So are you saying the op may be right to be a little concerned?
I am saying the OP should be careful when exploring what she wants to believe to be the correct answer to her question
Anecdotes are not facts, but they can convince us that we "know stuff to be true" when if fact ...we don't. In some cases in our false state of "knowing stuff" we can go on to apply cod psychology that will impact how we evaluate each child's behaviours via fixed and vastly different filters based on birth order expectations. In most cases it won't cause any major issues, it will be a benign error of assessing on's expertise and not much else.
But not always.
For example.
An older child being responsible in a specific context may be ascribed to birth order and go uncommented upon because there is an expectation based on the false premise that this is the natural order of things due to them being the eldest. Whereas when they fail to be responsible in a wholly typical age/stage related manner, they may get it far more in the neck and have have far less slack cut because "birth order thinking" trumps bearing in mind their state of development.
Conversely in similar contexts the youngest may enjoy high praise for responsibility where they should be displaying an age specific capacity anyway, and get off scott free when they don't, with all sorts of excuses made for them.
BUT It doesn't follow that the eldest will the grow up responsible and the younger not so much. However it does make it hard for the family to see their now adult children as they actually are.

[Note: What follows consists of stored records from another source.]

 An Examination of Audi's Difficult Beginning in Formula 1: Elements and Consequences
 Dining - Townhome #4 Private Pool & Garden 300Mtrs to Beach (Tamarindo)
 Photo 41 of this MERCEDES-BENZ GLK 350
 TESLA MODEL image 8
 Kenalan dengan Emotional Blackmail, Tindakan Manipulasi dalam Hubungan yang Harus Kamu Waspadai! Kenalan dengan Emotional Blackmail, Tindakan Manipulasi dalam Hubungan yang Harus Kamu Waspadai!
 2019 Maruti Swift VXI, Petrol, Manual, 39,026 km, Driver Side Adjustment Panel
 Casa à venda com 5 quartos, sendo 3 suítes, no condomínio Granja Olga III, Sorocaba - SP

Case in point BIL is still seen as the responsible one and my husband the irresponsible baby. And how they are treated and are spoken to reflects that.
All this despite BIL being six figures in debt, his marriage shredded, his child deeply confused and his business on the point of folding ...all due to poor impulse control and heart not head thinking.
Dh on the other hand is still written off and dismissed as irresponsible, despite owning his home outright, being debt free and prudent with money, in a happy, stable marriage of long standing, with a kid doing well and a business that is surviving the economic crisis due to forward planning.
All the tangible evidence points to one reality, but the family and the "children" themselves see an imaginary reality based on ...a load of bollocks basically.
None of which does anybody any good in terms of family relations and self image, not least because you can't stop making the same mistakes again and again if you are always being told that the actual primary cause is not an ill from which you suffer due to your "birth order" birthright.
I think we need to challenge the idea that it's birth order that creates "issues" or "pre-ordained outcomes" and focus more on the potential disadvantages created thanks to the assumption that birth order matters. A false premise potentially responsible for leading to us conditioning ourselves to stereotype and pigeonhole our children and conditioning our children's self image.